One of these employees, Kevin Elkins, a material science and engineering Ph.D., worked for MP Materials for 2½ years from 2022 to 2024, including as a senior engineer involved in the company’s magnetics division. The next year he joined USA Rare Earth’s magnetics operations as an associate director and was promoted to director, according to his LinkedIn profile. MP alleges that he took with him sensitive technology related to grain boundary diffusion and is seeking at least $5 million in damages. Elkins denies the allegations.
Grain boundary diffusion involves applying tiny quantities of the most expensive and elusive rare earths, known as heavy rare earths, to a magnet to make it heat-resistant without sacrificing magnetic strength. James Litinsky, MP’s chief executive, has described the company’s yearslong effort to develop such technologies as “sort of a private-market Manhattan Project.” MP says it wanted to keep it so secret that it wasn’t patented, to avoid any public disclosures about the technique.
During a meeting an MP executive had with an industrial machinery company involved in magnet making, the machine maker briefed the MP executive on a grain-boundary-diffusion technique that precisely matched MP’s own, down to specific formula components.
The machine maker told MP it had worked with an Oklahoma-based magnet maker on the technique. Since USA Rare Earth is based in Stillwater, Okla., MP believes it demonstrates that USA Rare Earth, as well as Elkins, had come into possession of MP’s grain-boundary-diffusion technology.
USA Rare Earth dismissed the charges in a rebuttal it filed in Texas court last week, saying the technology is “readily ascertainable via independent development, reverse engineering, and/or other proper means.”
“Competition is good but blatant theft is unacceptable,” said an MP spokesman.
A spokeswoman for USA Rare Earth described MP’s claims as “baseless.”
“Having the two leading U.S. names in dispute risks distracting the sector at the moment Washington says it wants a domestic industry built,” said David Abraham, who runs Materium Strata, a critical-mineral advisory. MP and USA Rare Earth were among the U.S. companies targeted by new Chinese export restrictions announced last week.
MP, which operates one of the world’s largest rare-earth mines in California, has been receiving government funding for years.

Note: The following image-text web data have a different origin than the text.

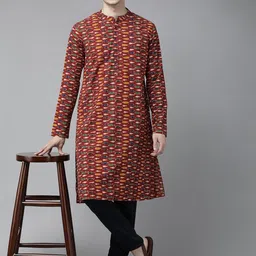 Fashvio Men Geometric Printed Thread Work Handloom Kurta image 3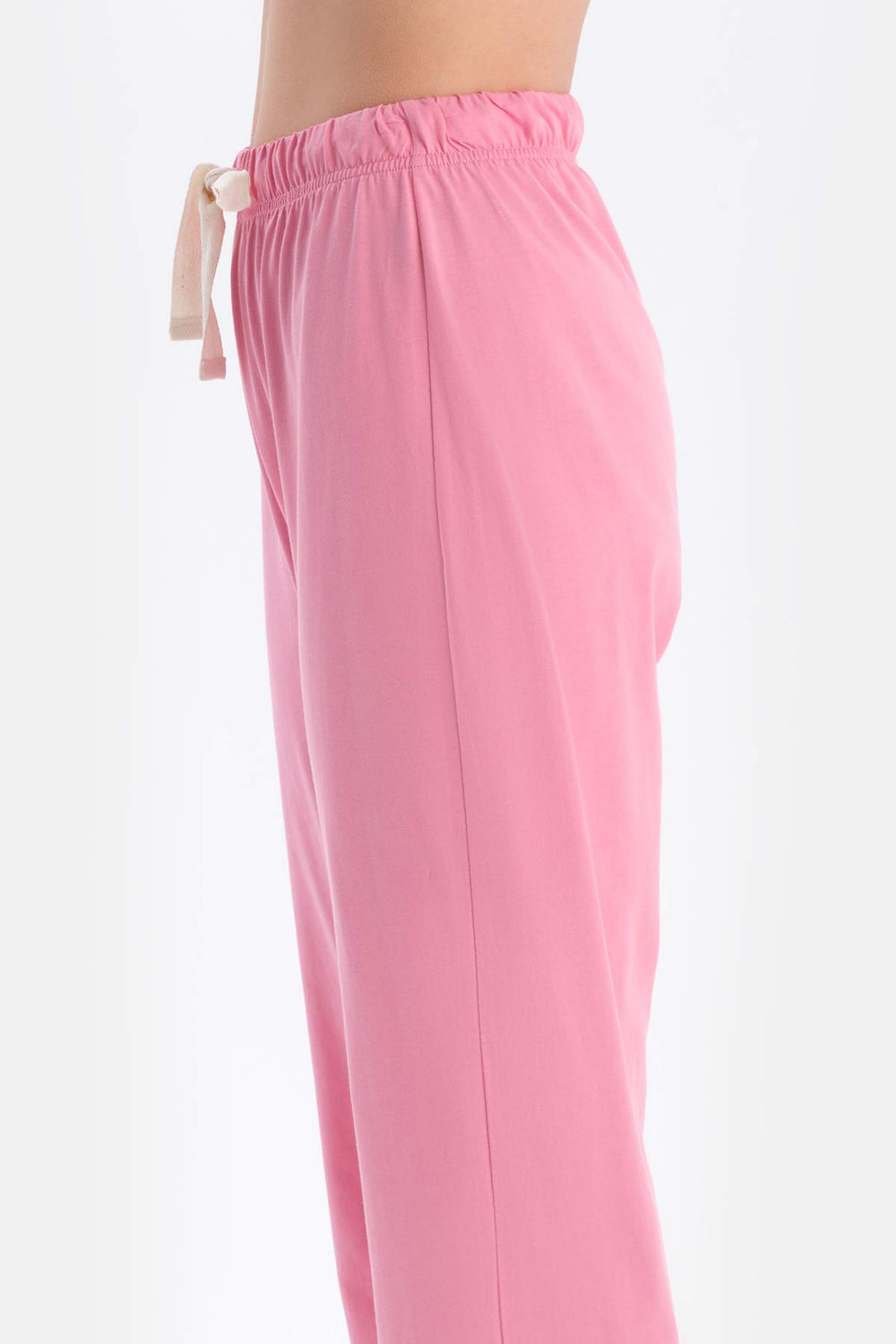 Ekru Kısa Kollu Parça Baskılı Tişört Pantolon Pijama Takımı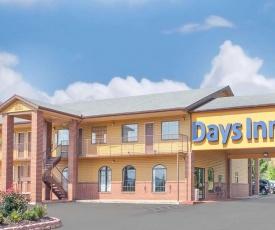 Days Inn by Wyndham Fayetteville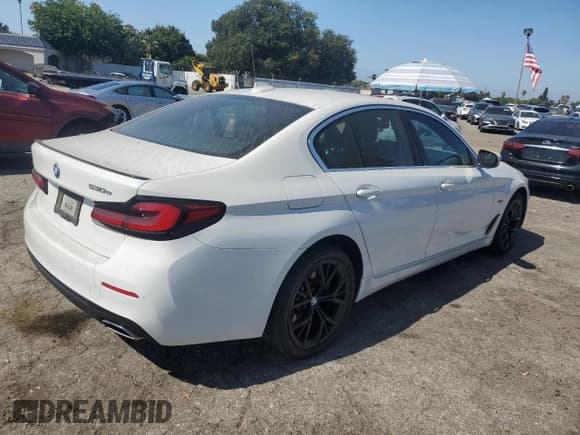 ✅ 2022 BMW 5 Series 530e • VIN: WBA13AG04NCJ24900 • Лот: 65891775. Опубликован ранее на Copart с пробегом 63 837 миль. Бесплатный доступ к архиву аукционных продаж из США и подробный отчёт об истории автомобиля на DreamBid. Изображение 3.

It struck a multibillion-dollar deal with the Pentagon last year on the heels of China’s move to restrict rare-earth-magnet exports.
In the lawsuit, MP says that it spent a decade investing billions in developing technical capabilities from scratch, whereas “USA Rare Earth lacked the people and the technology to fulfil its public commitments.” Further, “USA Rare Earth has a well-established pattern of announcing and then failing to achieve its plans,” MP said, calling the company a “want-to-be competitor.”
A spokesman for USA Rare Earth says the company is “making significant strides in furthering America’s strategic interests.”
USA Rare Earth, which announced $1.6 billion in federal backing in January, is bringing online a large magnet facility in Stillwater. Production at a prospective mine in Texas is expected in 2028. It has used its war chest to announce acquisitions of Less Common Metals, a U.K.-based rare-earth-metal maker, and Serra Verde, which owns the Pela Ema mine in Brazil that produces highly coveted heavy rare earths.